Na avenida Sussex, em Newark (Nova Jersey), veem-se poucos sinais de vida. Seja numa sexta-feira, num domingo ou numa segunda. Nem lojas abertas, nem gente nas ruas ou nessas casas humildes. O silêncio é ensurdecedor, só interrompido pela chegada das crianças de dois colégios da região e pelas atividades da igreja batista de Nova Esperança, onde um dia Whitney Houston começou a cantar. A avenida fica num bairro pouco recomendável para alguns, em transição para outros, mas certamente uma das zonas de maior concentração de população negra da cidade, uma das mais segregadas dos Estados Unidos.
John Abeigon, de origem espanhola e presidente do sindicato dos professores, mostra ser um dos menos otimistas durante um passeio pelo bairro. “Aqui muita gente vai embora. Famílias que chegaram há muitos anos saem quando têm condições. Vêm a Newark para trabalhar e vão para suas casas nos subúrbios”, explica. Abeigon cresceu num bairro de espanhóis e portugueses. Nos anos noventa, mudou-se para Mapplewood, uma zona residencial próxima de Newark. E há cinco anos regressou à cidade, a uma casa modesta no bairro histórico de Forest Hills.
Meio século após as leis terem posto fim à segregação racial, brancos e negros continuam sem viver realmente juntos.

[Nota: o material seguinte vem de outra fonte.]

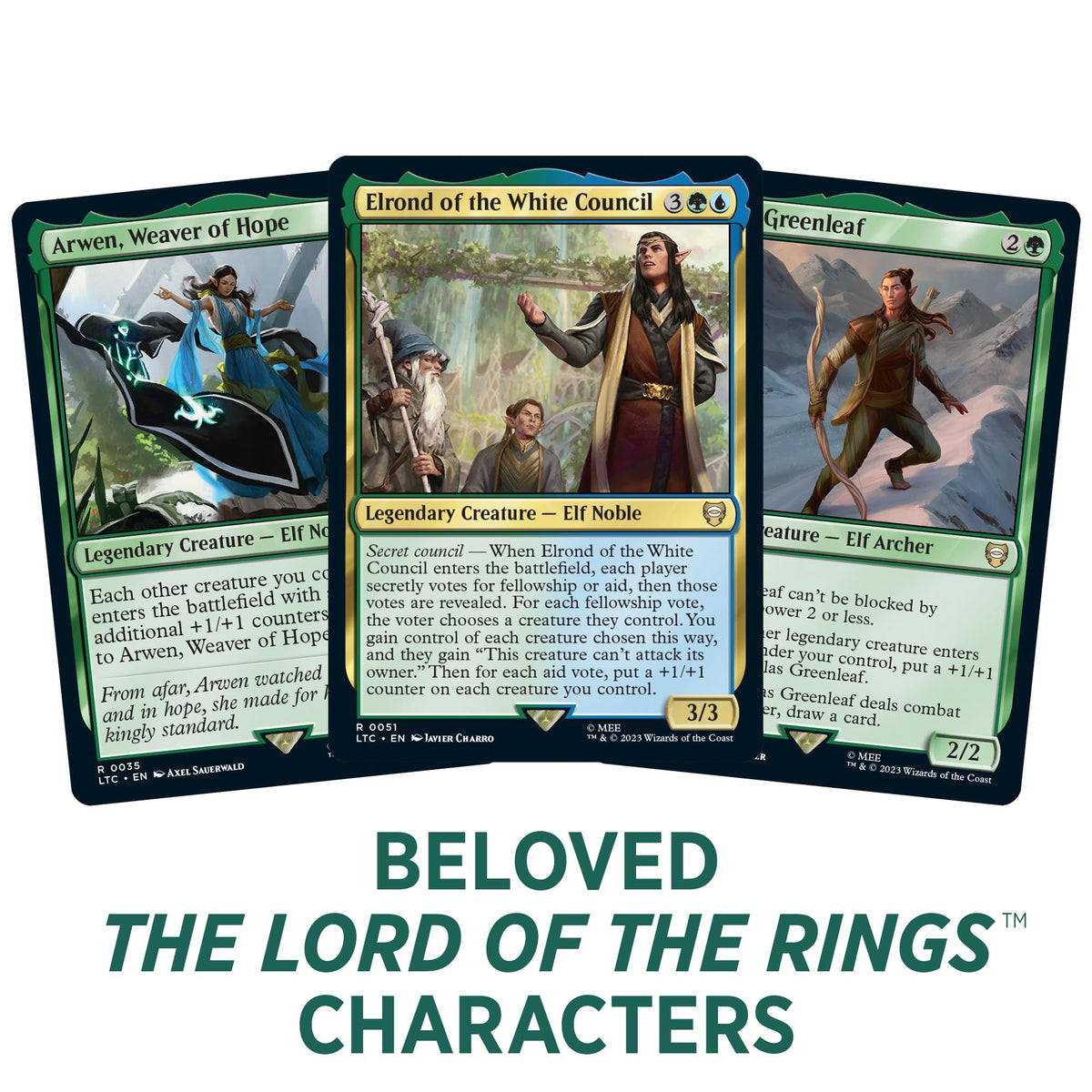 Magic: The Gathering LOTR double-sided tokens for in-game markers.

Em junho de 2017, os EUA comemoram meio século da sentença que permitiu que os americanos se casassem com alguém de outra raça. Mas, de todos os casamentos de 2013, só 12% foram inter-raciais (a cifra, do Instituto Pew, não separa os latinos dos brancos). E foi um recorde histórico. Os dados do censo, analisados pela Brookings Institution, também refletem avanços mínimos entre 2010 e 2014. Nova York, Newark, Jersey City, Chicago e Milwaukee figuram nas primeiras posições. Se antes era a lei que separava as raças, agora é o dinheiro. “A raça dominante é a verde”, o verde dos dólares, lamenta Abeigon.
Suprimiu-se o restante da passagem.